Veredelaars brengen steeds meer phytophthoraresistente aardappelrassen op de markt. Telers zetten zeer regelmatig gewasbeschermingsmiddelen in tegen de aardappelziekte. Met resistenties kan dat veel minder vaak, maar waakzaamheid blijft van belang.

Met het gebruik van die resistente rassen mag de aandacht voor de aardappelziekte niet verslappen, stellen teeltexperts. Met zogenaamd resistentiemanagement voorkomt de teler doorbraak van de resistenties. Via het programma BioImpuls werken veredelaars aan het stapelen van resistenties in nieuwe aardappelrassen. Die stapeling is een methode om te voorkomen dat de ziekteverwekker eenvoudig door de resistentie heen breekt. Toch is alleen resistentie niet genoeg om de ziekte weg te houden en phytophthora zal later in het seizoen toch zichtbaar zijn, zelfs in resistente rassen.

Een aardappel die in de loop van juli richting afrijping gaat investeert zijn energie in de knolzetting en minder in de bescherming tegen ziektes.

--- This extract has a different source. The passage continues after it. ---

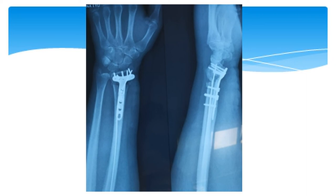The rehabilitation protocol involved sling immobilization for three weeks, with immediate passive movement of the elbow and wrist joint. Active motion began after three weeks and full activity was permitted after three months. Thank you and thanks to my colleagues.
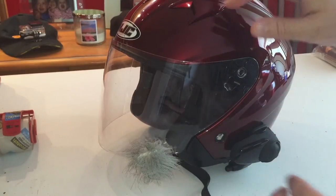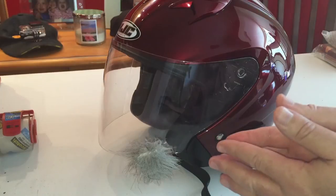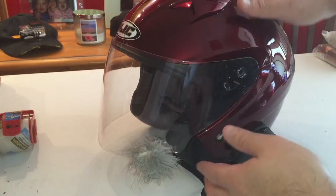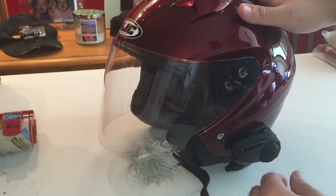Obviously with the full face like the one I use, the mic is extremely easy to set up — you just stick it in there. You don't have to worry about wind noise or anything like that. But with an open helmet you do have to take some precautions.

Daarom kan in de loop van de zomer de resistentie in een ras niet meer goed tot expressie komen.

Wageningen Universiteit en Research, Louis Bolk Instituut en Delphy deden ervaring op met de rassen. Ze volgden de teelt de afgelopen jaren en stelden een factsheet op met daarin aanwijzingen om met resistentiemanagement resistenties te bewaren en optreden van phytophthora terug te dringen.

Volgens Maaike Raaijmakers van BioNext is het de bedoeling om dit jaar de robuuste aardappelrassen, rassen die resistent zijn of vroeg afrijpend en veldtolerant, onder alle telers te promoten. De focus verlegt zich dan van enkel biologische telers naar de gangbare telers. Resistentiemanagement is onderdeel van het verhaal daarbij.

Veldwaarnemingen

Telers dienen dus alert te zijn op optreden van de aardappelziekte in het veld. Regelmatig door het veld gaan is daarbij het eerste waar ze aan moeten denken. Bij gevaarlijk weer zijn waarnemingen om de paar dagen nodig, bij droog weer volstaat eens per week waarnemen. Volgens de factsheet is het vooral opletten geblazen bij sporulerende phytophthora.

Maatregelen bestaan uit het verwijderen, vernietigen en afdekken van haarden en aangetaste planten en van de buurplanten. Met een goed bewaarregime kan de teler overleven van de ziekte in de bewaarcel sterk beperken. Conclusie bij de teelt van phytophthoraresistente rassen is dat met de teelt daarvan de aandacht voor verspreiding van de ziekte van belang blijft.

De foto toont telers bij het proefveld voor robuuste aardappelrassen op SPNA-proefbedrijf Kollumerwaard.